# Materials provided:
-----

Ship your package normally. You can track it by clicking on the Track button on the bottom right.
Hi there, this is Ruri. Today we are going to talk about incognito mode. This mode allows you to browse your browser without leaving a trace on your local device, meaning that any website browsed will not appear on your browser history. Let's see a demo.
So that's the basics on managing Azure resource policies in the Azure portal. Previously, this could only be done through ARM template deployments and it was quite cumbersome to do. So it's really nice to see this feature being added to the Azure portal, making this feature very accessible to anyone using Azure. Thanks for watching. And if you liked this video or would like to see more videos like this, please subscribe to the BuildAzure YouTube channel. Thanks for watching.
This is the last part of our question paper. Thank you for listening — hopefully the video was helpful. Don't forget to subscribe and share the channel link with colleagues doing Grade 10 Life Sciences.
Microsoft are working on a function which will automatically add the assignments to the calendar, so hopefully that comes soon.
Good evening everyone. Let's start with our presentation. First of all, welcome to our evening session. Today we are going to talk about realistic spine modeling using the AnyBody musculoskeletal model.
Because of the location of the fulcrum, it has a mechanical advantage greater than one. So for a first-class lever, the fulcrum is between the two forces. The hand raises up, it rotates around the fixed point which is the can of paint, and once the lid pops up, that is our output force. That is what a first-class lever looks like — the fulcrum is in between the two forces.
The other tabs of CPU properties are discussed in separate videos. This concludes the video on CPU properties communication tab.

-----

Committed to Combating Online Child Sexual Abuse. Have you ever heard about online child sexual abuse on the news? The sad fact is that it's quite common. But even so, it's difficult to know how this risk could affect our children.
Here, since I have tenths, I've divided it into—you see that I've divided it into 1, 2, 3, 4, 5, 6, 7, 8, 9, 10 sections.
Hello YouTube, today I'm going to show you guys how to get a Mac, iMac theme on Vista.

-----

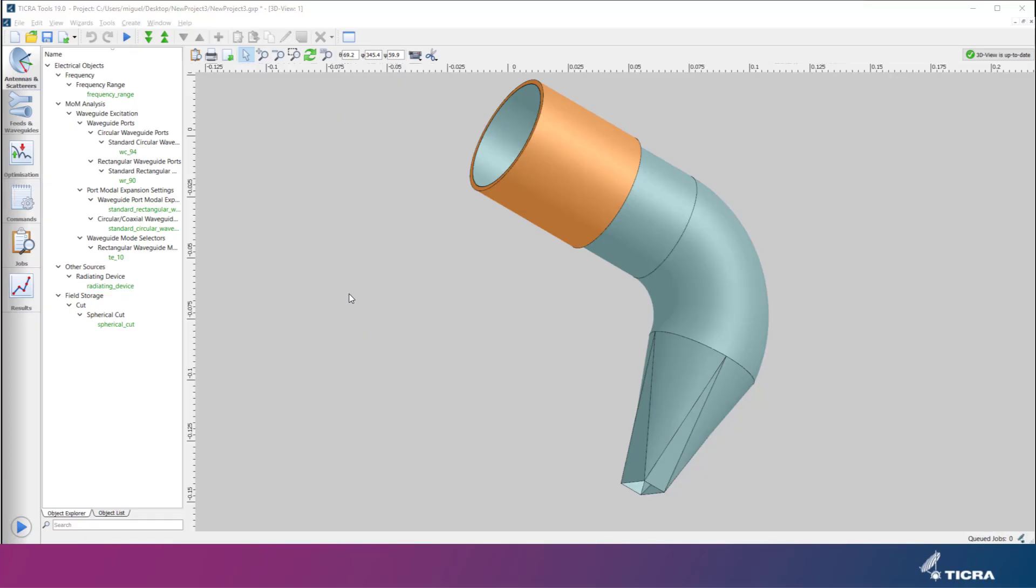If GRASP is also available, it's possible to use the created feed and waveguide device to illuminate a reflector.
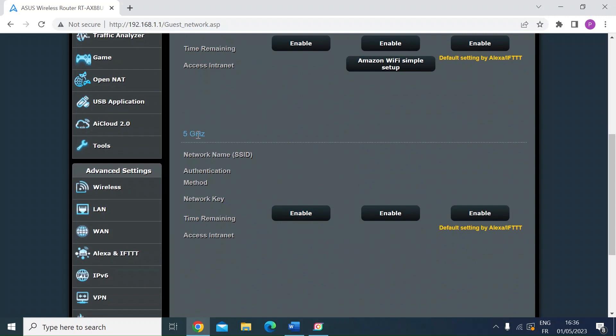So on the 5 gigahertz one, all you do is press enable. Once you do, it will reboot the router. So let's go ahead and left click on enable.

-----

# Task item:
Copy exactly the stretch of data above from the line with "Ship your package" through the line with "Hi there, this", and omit all other lines.

# Solved problem:
Ship your package normally. You can track it by clicking on the Track button on the bottom right.
Hi there, this is Ruri. Today we are going to talk about incognito mode. This mode allows you to browse your browser without leaving a trace on your local device, meaning that any website browsed will not appear on your browser history. Let's see a demo.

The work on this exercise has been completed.